Abiodun is active in his church and loves to play guitar. He has aspirations of becoming a pediatrician after college. He wants to be a friendly face and help children the same way his American doctors did for him when he was a young child new to the country. 

This giving spirit is common in Posse students. Levermore’s parents grew up in Kingston, Jamaica, where she has seen first-hand the impact of poverty in significant ways. 

That’s why she is so motivated to help low-income individuals, particularly young people. At the beginning of the pandemic, Levermore got involved in a student organization that worked with school board members to allocate resources to low-income students, helping them gain access to health care and food and other educational resources. 

And over the summer, Levermore worked with special needs and disabled children at a local elementary school. 

“Helping people is something I enjoy doing,” she said. 

Being a part of the first Posse cohort at William & Mary is special to this group of 11. 

“We’re setting the stage for all the Posses that are to come,” Levermore said. “We can start things on campus that turn into traditions, or we can create change that future Posses can keep doing for the William & Mary and Williamsburg community.” 

Momentous

Posse has partnered with 65 universities and facilitated scholarships for over 10,000 students from metropolitan areas nationwide, but William & Mary’s cohort is the first selected from Virginia. 

“This really is momentous, and I can’t underscore enough how excited we are that William & Mary has joined us to become our first partner university to enroll Posse Scholars from the Commonwealth of Virginia,” Irele said. 

W&M has committed to a five-year partnership with The Posse Foundation.
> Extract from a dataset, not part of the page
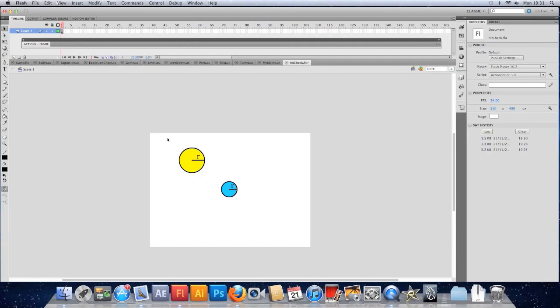What I want to do first though is explain some of the logic behind it, some of the maths. We're going to be using a thing called Pythagoras theorem, which if you've ever done high school maths you should have covered. You probably sat there thinking, oh this is useless, I'm never going to use this.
To cover the program costs and scholarships in future years, W&M is seeking support from alumni and other friends of the university who are committed to college access and student success. 

W&M has secured a sponsorship deal with Langley Federal Credit Union that includes a commitment for a two-year contribution in support of the university’s program overhead for Posse. W&M has also received a number of donations to the W&M Posse Scholars Program that was launched in April around One Tribe One Day. 

“We have seen a lot of enthusiasm,” said W&M Executive Director of Development for Scholarships & Special Projects Suzie Armstrong. “The level of interest in supporting first generation students in particular has really been growing, and that’s a big part of the background of these students.” 

W&M’s Posse students bring a range of academic and leadership qualities and interests. Some are accomplished musicians and scientists. Some are interested in medicine and anthropology. Some are active in the church. 

“I think that’s one of the things that continues to keep me at Posse, honestly, is within each cohort, we have this really beautiful range of young folks who come together and support each other in their various interests, and that starts in Pre-Collegiate Training and continues all the way through their alumni life,” said Irele, who was a Posse Scholar at Bryn Mawr College and has worked at Posse since 2010. 

“My Posse alumni and I are still in touch. That support doesn’t end when you graduate.”